**Instructions for the task:** With the pictures left out, please return exactly the line holding "interior space with" and each following line until the entries end.

######

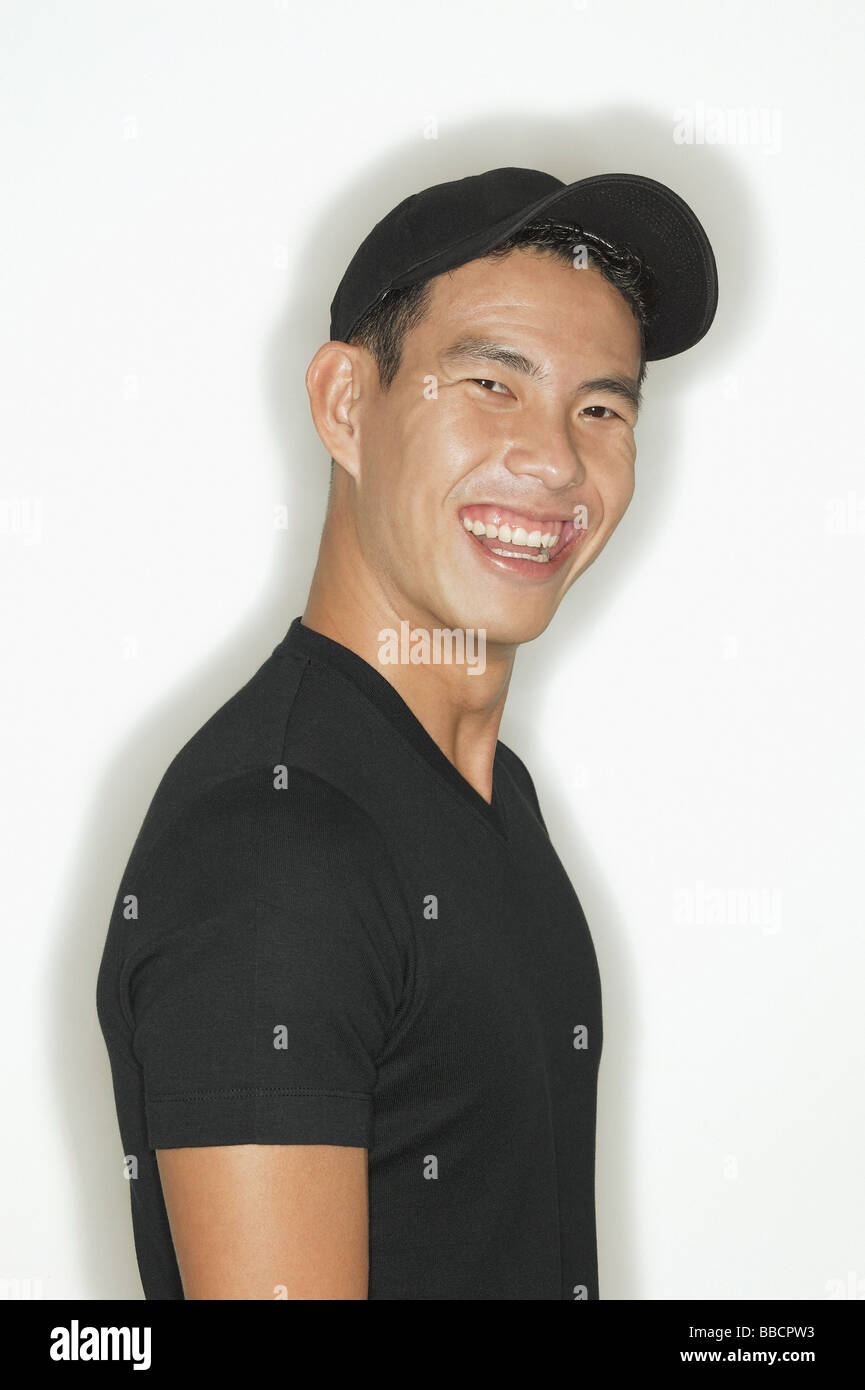 Young man looking at camera, smiling Stock Photo - Alamy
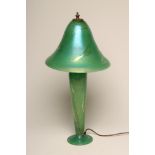 J. DITCHFIELD - a glass electric table lamp base, the green iridescent high mushroom shade on a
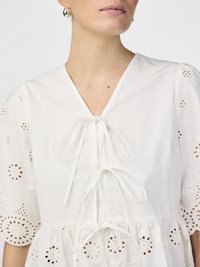 Vestito bianco con maniche a sbuffo, caratterizzato da ricami ad occhiello e una scollatura a V con lacci sul davanti. Tessuto di cotone morbido, vita arricciata.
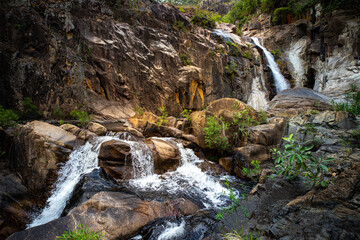 panorama of jourama falls in paluma range national park, north queensland, australia; cascade of...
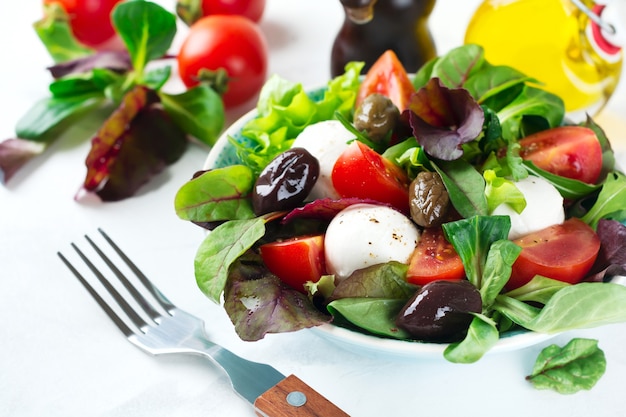 Frisse salade met sla, cresssalade, rucola, bieten, tomaten, mazarellakaas en olijven in een keramische mok op een lichte ondergrond. gezond eten. selectieve aandacht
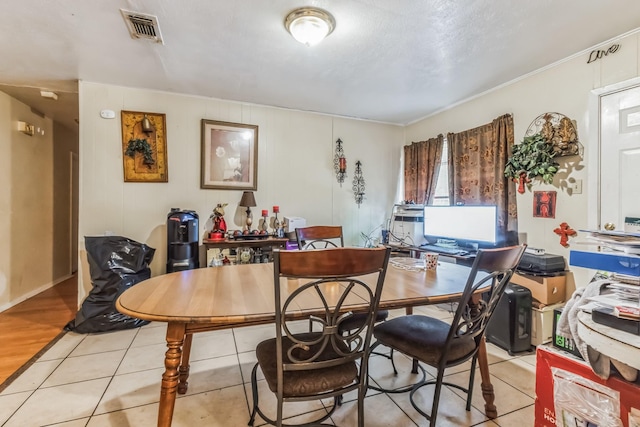 dining area featuring visible vents and light tile patterned flooring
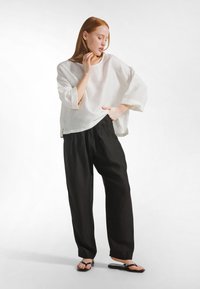 Kvinde med rødt hår iført en løs hvid bluse, sorte bukser med vide ben og sorte sandaler, stående med den ene hånd på hoften og øjnene lukkede.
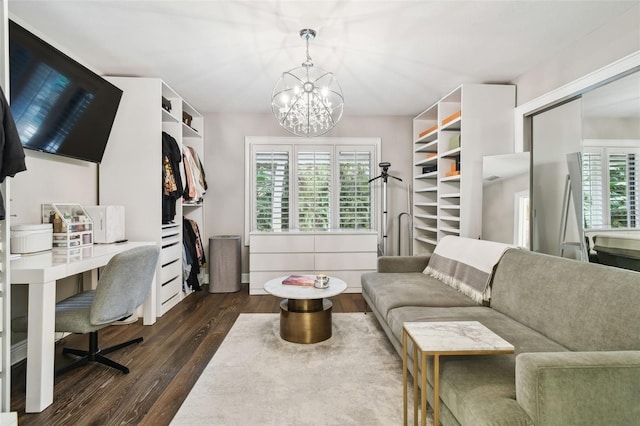 interior space with a healthy amount of sunlight, an inviting chandelier, and dark hardwood / wood-style flooring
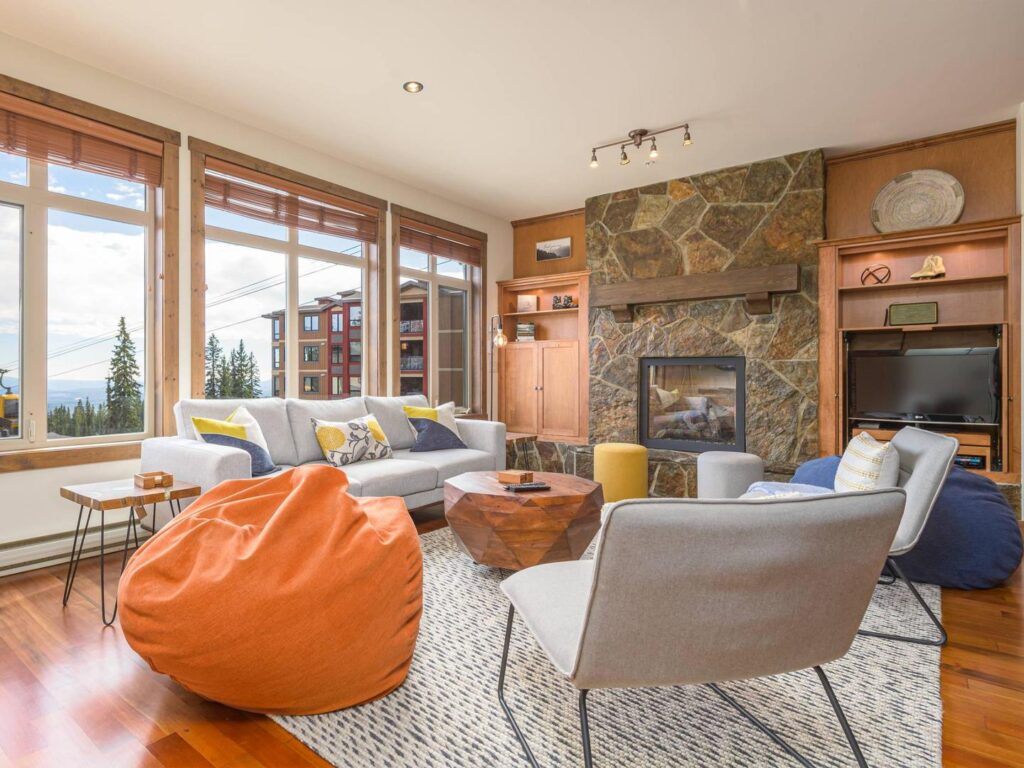 A cozy, modern-style living room with hardwood floors, stone fireplace and bright, large windows in a Luxury Mountain Vacation Rentals vacation rental at Big White Ski Resort.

######

**Exercise solution:**
 interior space with a healthy amount of sunlight, an inviting chandelier, and dark hardwood / wood-style flooring
 A cozy, modern-style living room with hardwood floors, stone fireplace and bright, large windows in a Luxury Mountain Vacation Rentals vacation rental at Big White Ski Resort.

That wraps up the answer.